Sample1 Sample2 Sample3 Sample4 Sample5 Sample6 Sample7 Sample8
93252 106031 100478 99657 99824 101970 105678 99746
Sample9 Sample10 Sample11 Sample12 Sample13 Sample14
108620 101298 97301 108093 115129 109639
Samples with larger library sizes tend to have larger raw counts even if biology is identical.
4.8 Why normalization is required
Normalization aims to remove technical effects so that remaining differences reflect biology.
Typical goals:
- Adjust for sequencing depth
- Reduce composition bias
- Preserve relative expression differences
Different methods make different assumptions — which is why understanding the count matrix matters.
4.9 Counts vs transformed values
It is crucial to distinguish:
- Raw counts → used for modeling (e.g., DESeq2)
- Normalized counts → adjusted for depth/composition
- Transformed values (e.g., log, rlog, VST) → used for visualization and EDA
In CDI, we keep these representations explicitly separate.
4.10 Preview: rlog matrix
This guide also provides a precomputed transformation for exploration:
data/rlog_matrix.csv
This file is not used for differential expression modeling.
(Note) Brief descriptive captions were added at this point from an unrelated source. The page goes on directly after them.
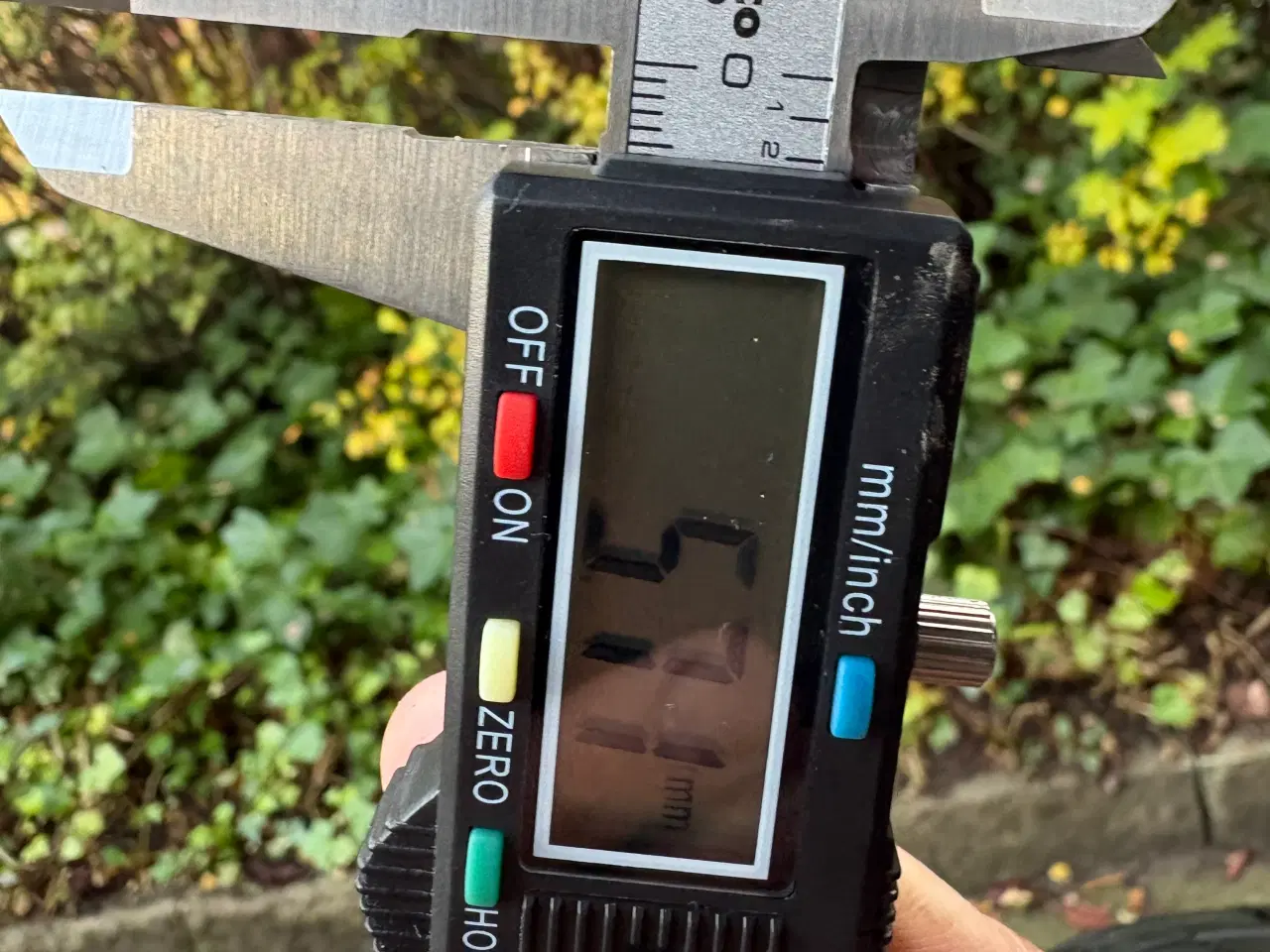 Billede 6 - Flotte MINI Cooper alufælge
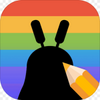 ColorUsɫ����������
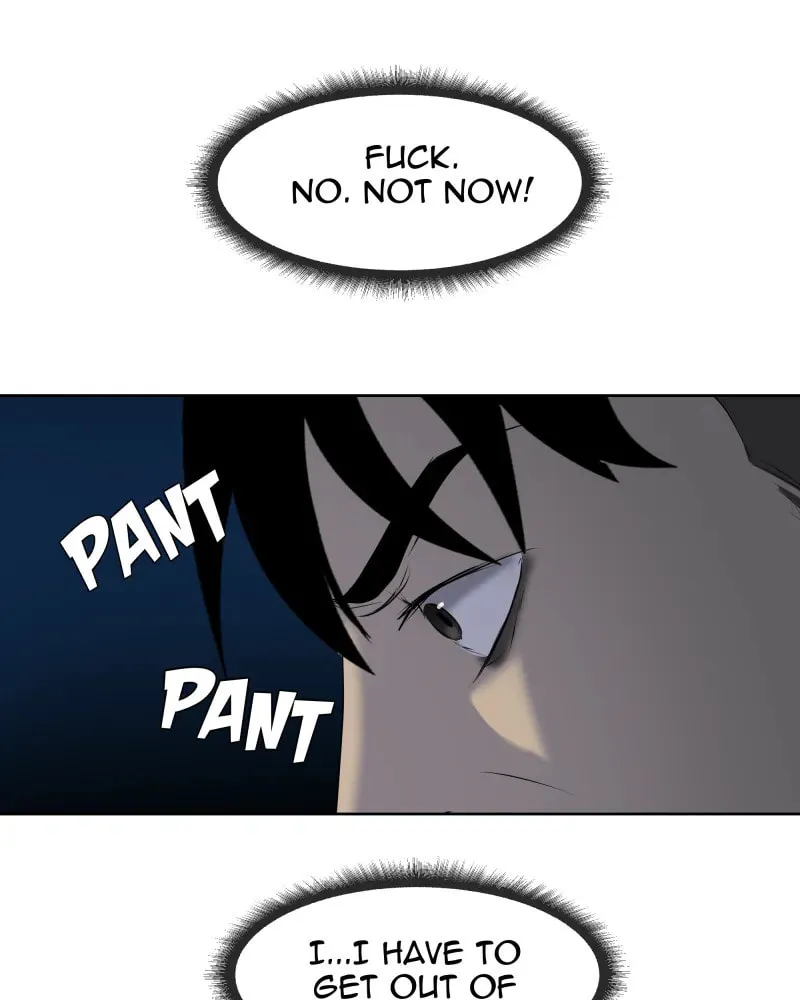 Covenant (Colored) Chapter 31 page 44 - 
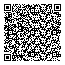 QR-code Isilay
It exists to support visualization and intuition.
# A tibble: 1,000 × 15
gene Sample1 Sample2 Sample3 Sample4 Sample5 Sample6 Sample7 Sample8 Sample9
<chr> <dbl> <dbl> <dbl> <dbl> <dbl> <dbl> <dbl> <dbl> <dbl>
1 Gene1 7.05 6.87 6.96 5.72 5.76 5.87 5.57 3.63 5.26
2 Gene2 5.72 6.40 5.87 5.73 7.58 6.08 5.54 5.82 6.48
3 Gene3 5.54 4.55 7.22 6.32 6.30 6.43 6.73 4.15 6.50
4 Gene4 7.63 4.85 7.11 5.88 6.53 7.04 6.06 6.89 5.76
5 Gene5 7.18 7.62 6.22 5.31 4.76 5.49 5.09 5.90 6.06
6 Gene6 7.54 7.87 5.71 6.04 6.45 7.10 5.86 7.70 8.05
7 Gene7 6.54 6.59 6.25 5.09 7.87 6.25 5.17 7.53 6.08
8 Gene8 4.08 4.35 4.41 6.45 6.28 4.76 6.89 7.29 6.09
9 Gene9 5.64 6.04 6.38 7.16 3.90 6.78 5.55 6.26 6.32
10 Gene… 7.11 6.09 5.66 6.74 4.47 4.12 5.67 7.26 6.68
# ℹ 990 more rows
# ℹ 5 more variables: Sample10 <dbl>, Sample11 <dbl>, Sample12 <dbl>,
# Sample13 <dbl>, Sample14 <dbl>
4.11 Common pitfalls
- Treating normalized values as raw counts
- Filtering genes before inspecting library sizes
- Mixing transformed and untransformed data in the same analysis
- Forgetting how the count matrix was generated
Most RNA-Seq errors originate before statistical testing.